Structured outputs on Custom Model Import are supported via two parameters:
response_format - Supports json_object and json_schema types
structured_outputs - Supports json, regex, choice, and grammar types
When using structured outputs on Custom Model Import, customers should expect performance trade-offs due to constraint validation during generation. Simple constraints like choice and json_object have minimal impact, while complex constraints like json_schema and grammar can significantly increase latency and reduce throughput. For optimal performance, use simpler constraint types when possible and keep schemas flat rather than deeply nested.

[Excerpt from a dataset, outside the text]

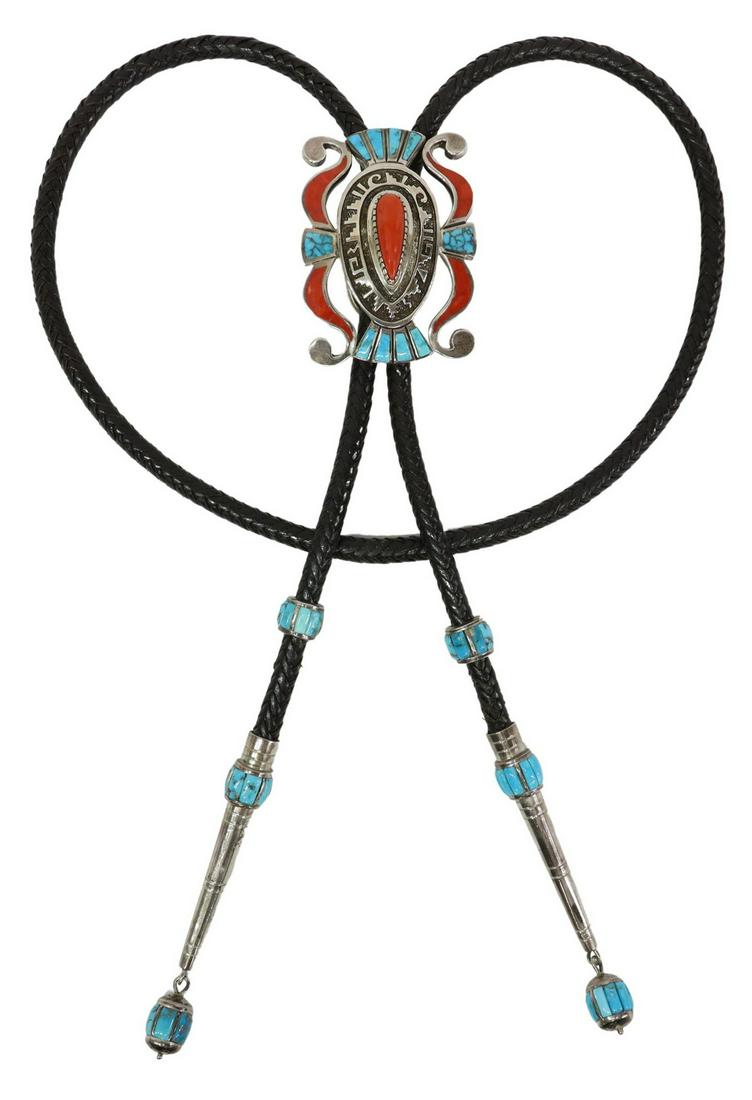 MICHAEL PERRY NAVAJO SILVER TURQUOISE & CORAL BOLO: Exceptional Native American sterling silver bolo tie, signed MP (Michael Perry, Navajo, b.1975), shaped overlay bolo ornament with inlays of turquoise and red coral, silver bolo tips and sleeves accen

The following examples demonstrate structured outputs support across different API formats. The Pydantic model definition is:
from pydantic import BaseModel
from enum import Enum
class CarType(str, Enum):
sedan = "sedan"
suv = "SUV"
truck = "Truck"
coupe = "Coupe"
class CarDescription(BaseModel):
brand: str
model: str
car_type: CarType
- BedrockCompletion
-
BedrockCompletion supports structured outputs using the response_format parameter with json_object and json_schema types only.
Example: JSON Schema
payload = {
"prompt": "Generate a JSON with the brand, model and car_type of the most iconic car from the 90's",
"response_format": {
"type": "json_schema",
"json_schema": CarDescription.model_json_schema()
}
}
response = client.invoke_model(
modelId='your-model-arn',
body=json.dumps(payload),
accept='application/json',
contentType='application/json'
)
response_body = json.loads(response['body'].read())
Example response:
{
"generation": "{\n \"brand\": \"Ferrari\",\n \"model\": \"F40\",\n \"car_type\": \"SUV\"\n }",
"prompt_token_count": 22,
"generation_token_count": 30,
"stop_reason": "stop",
"logprobs": null
}
- OpenAICompletion
-
OpenAICompletion supports both response_format (json_object, json_schema) and structured_outputs (json, regex, choice, grammar) parameters. Use max_tokens instead of max_gen_len to route requests to OpenAICompletion.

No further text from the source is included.